Un’atmosfera decisamente irreale induce a osservare con particolare attenzione quelle isole-paesaggio, cavallo di battaglia dell’autore, che oltre a suggerire un’indubbia volontà di raggiungerle, spinge chi osserva a curiosare tra i saldi intrecci di quei secolari ulivi pugliesi.
Piccoli paradisi naturali sospesi come mongolfiere e composti di roccia sui quali l’artista costruisce dipingendoli, paesaggi dalle evidenti tipicità meridionali, straordinariamente bianchi e realizzati con la singolare pietra della Puglia, terra di origine di Caramia.
Sono isole felici e gioiose, sono le isole dell’amore, luoghi idillici dove gli amanti stringendosi le mani si conducono uniti, volteggiando sinuosi e leggeri come in un quadro di Chagall, come accade in un sogno; Caramia si fa poeta della gioia e dell’amore, l’unica forza che rende lieve lo spirito di un uomo, l’unica capace di liberare in volo il suo corpo.
Ma è su quelle stesse isole in realtà che si scorgono piccole finestre aperte sulla roccia, come sguardi sul mondo, portatori di messaggi sociali profondi e rivelatori di realtà marce e stagnanti; sono sguardi che spiano sulla terra, concepita da una prospettiva differente, estraniante, quasi a rimarcare il distacco tra i due universi, agli opposti. La visione dell’isola felice improvvisamente svanisce; al vertice di quelle “prigioni d’oro” risiede in realtà il potere, è da lì che partono gli ordini ed è proprio quello il mondo in cui tutto è concesso, ma parallelamente è in quella stessa dimensione ideata da un forte senso critico dell’artista, che tutto viene scoperto.
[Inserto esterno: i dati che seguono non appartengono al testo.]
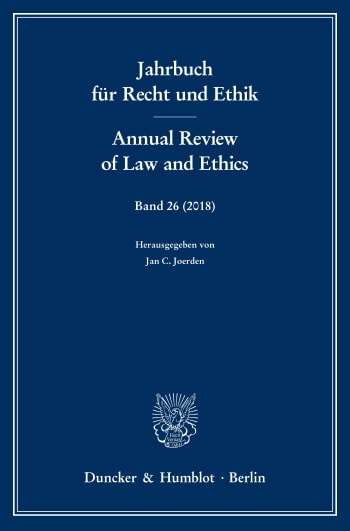 Cover: Jahrbuch für Recht und Ethik / Annual Review of Law and Ethics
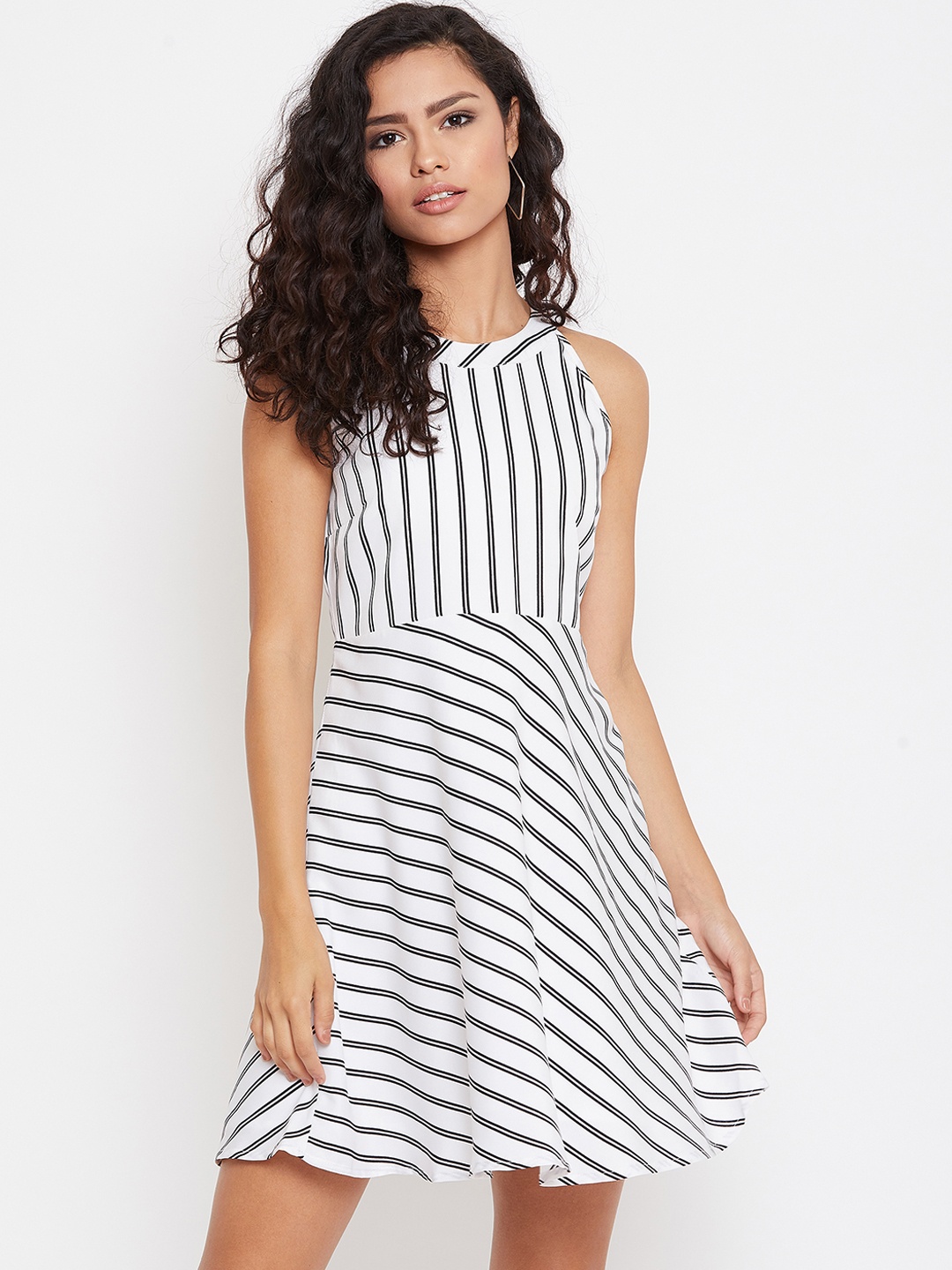 

Zastraa Women White Striped Fit and Flare Dress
L’artista svela e smaschera insieme tristi realtà attraverso l’immagine di isole incantate, servendosi della tecnica surrealista che conosce e adotta in modo sapiente, l’unica in grado di compiere associazioni di pensiero di qualsiasi forma, senza alcun vincolo di tipo estetico e morale, come nell’accostamento di due elementi decisamente ricorrenti e contrastanti nella sua opera, un cielo azzurro e limpido e una luna che sbuca legata ad un filo.
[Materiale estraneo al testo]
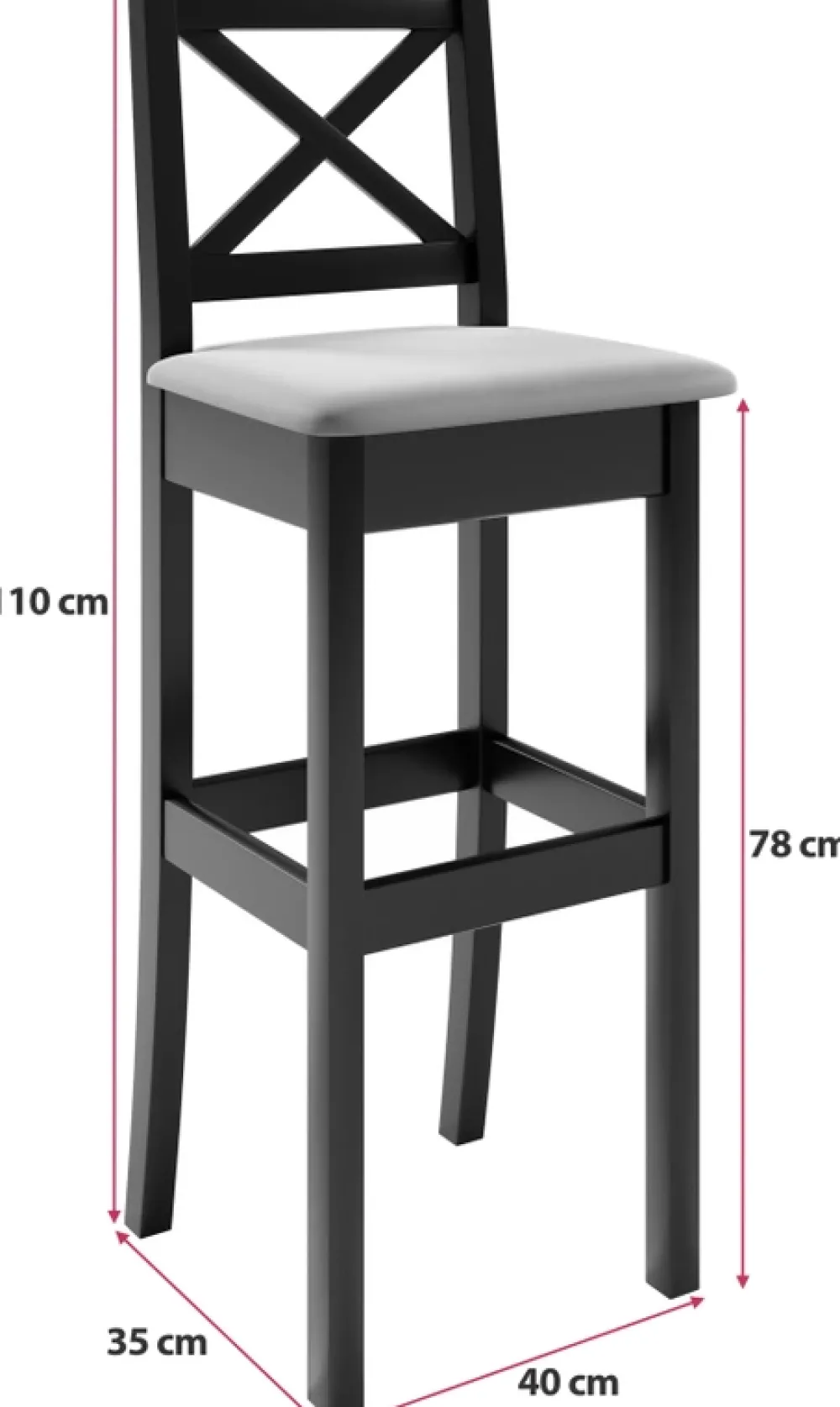 Hokery>Meblomal Elegancki hoker z drewna bukowego do kuchni z tapicerowanym siedziskiem HANDY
L’artista pugliese sperimenta un linguaggio magico e insieme reale, naturale, altra componente determinante del suo percorso; la natura è spesso rappresentata da Caramia sotto forma di frutti che genera e offre costantemente, un fico d’India, una fragola o un peperone che accoglie nel suo intimo il tipico paesaggio pugliese bianco, fatto di trulli, frutto che svela secondo l’autore, il senso magico delle donne. Ecco il surrealismo dell’artista che compie ancora una volta curiose associazioni di pensiero che solo apparentemente o superficialmente non sembrerebbero avere alcun senso compiuto; probabilmente il senso dell’opera e quello delle donne va letto in chiave simbolica e naturalmente in buona parte immaginaria.
Il senso delle donne risiede nell’eleganza, nella sinuosità delle linee che disegna, nella semplicità di un elemento naturale. La natura è donna e madre, nutre l’uomo con i suoi frutti, è una natura capace di accogliere nel proprio grembo, suggerito da una conformazione quasi uterina dell’elemento, l’intera umanità rappresentata da un bianco paesaggio, puro come l’essenza di una donna, che contrasta con il rosso fuoco, colore per antonomasia della passione e dell’amore, della forza delle donne; Caramia interpreta questa forza nell’equilibrio che governa ognuna di loro.
Perfettamente sospese, le sue opere suggeriscono un percorso a metà strada tra la dimensione fantastico-immaginaria e quella reale, rivelando proprio nell’equilibrio compositivo, una chiave di lettura fondamentale ed insieme, il più intimo segreto dell’artista.